Deduplicate VM constants #712

triallax · 2025-04-07T19:24:41Z

(except when defining derived unit constants, as initially identical but temporary values)

Don't see any real performance changes from this (if anything it's probably a minor slowdown due to the added dupe check in add_constant). However, it does reduce the number of constants generated from the prelude from ~730 to ~320, a reduction of 56%. This in theory allows for larger Numbat programs as it's now harder to hit the ~65k constants ceiling. Worth it? I don't know :)

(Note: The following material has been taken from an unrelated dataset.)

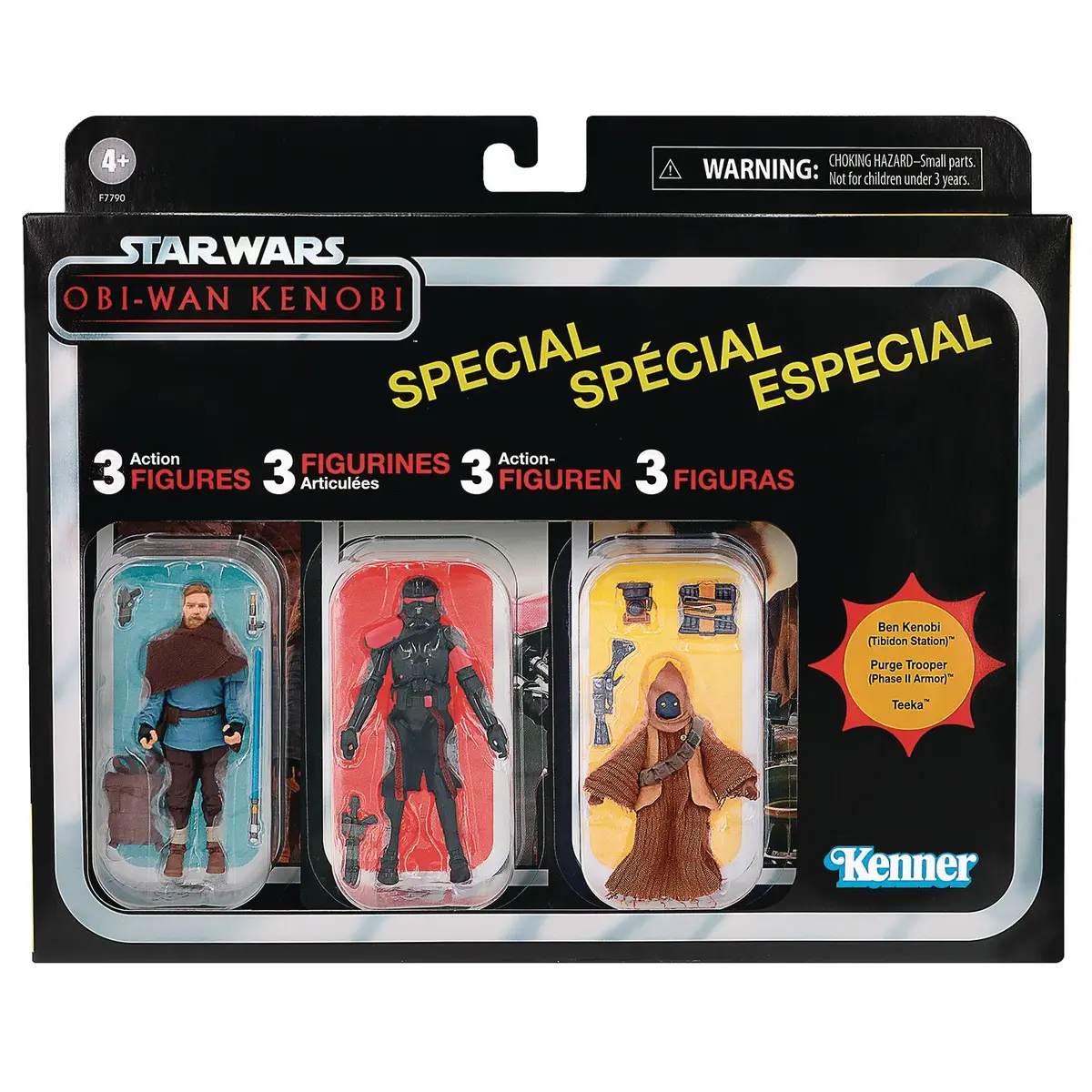 Star Wars: The Vintage Collection - Obi-Wan Kenobi - 3-Pack Special Edition Action Figure (F7790) 1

(except when defining derived unit constants, as initially identical but temporary values) Don't see any real performance changes from this (if anything it's probably a minor slowdown due to the added dupe check in `add_constant`). However, it does reduce the number of constants generated from the prelude from ~730 to ~320, a reduction of 56%. This in theory allows for larger Numbat programs as it's now harder to hit the ~65k constants ceiling. Worth it? I don't know :)

Goju-Ryu · 2025-04-08T16:43:29Z

This looks great.
I’m wondering if using an IndexSet would be possible? If it is I think it could simplify the code a bit and possibly address the (potential) performance impact you mentioned.
I’m not familiar enough with it to know its limitations, so this is mostly just my musings of curiosity.

triallax · 2025-04-08T18:22:26Z

i've already thought of that, unfortunately sets would not work here due to the dummy temporary constants added for derived base units, which are identical until processed at vm runtime; with a set these dummies would be incorrectly duplicated, at least as the code is now

triallax · 2025-04-08T18:26:44Z

the performance impact is nonexistent with my simple testing but i suppose algorithmically speaking the performance wil worsen much faster the more constants you have, so perhaps we can consider somehow eliminating the need for dummies here, it would also solve the pre-existing todo

Goju-Ryu · 2025-04-08T21:16:09Z

Aah, that's too bad. Thank you for the explanation though. I’m glad the impact is negligible, at currently realistic scale. With a linear time complexity, I think the trade off is worth it even at larger scales just due to the current constraint on the number of constants. It would be interesting to test the effects at scales large enough to approach the maximum number of constants without the duplication check.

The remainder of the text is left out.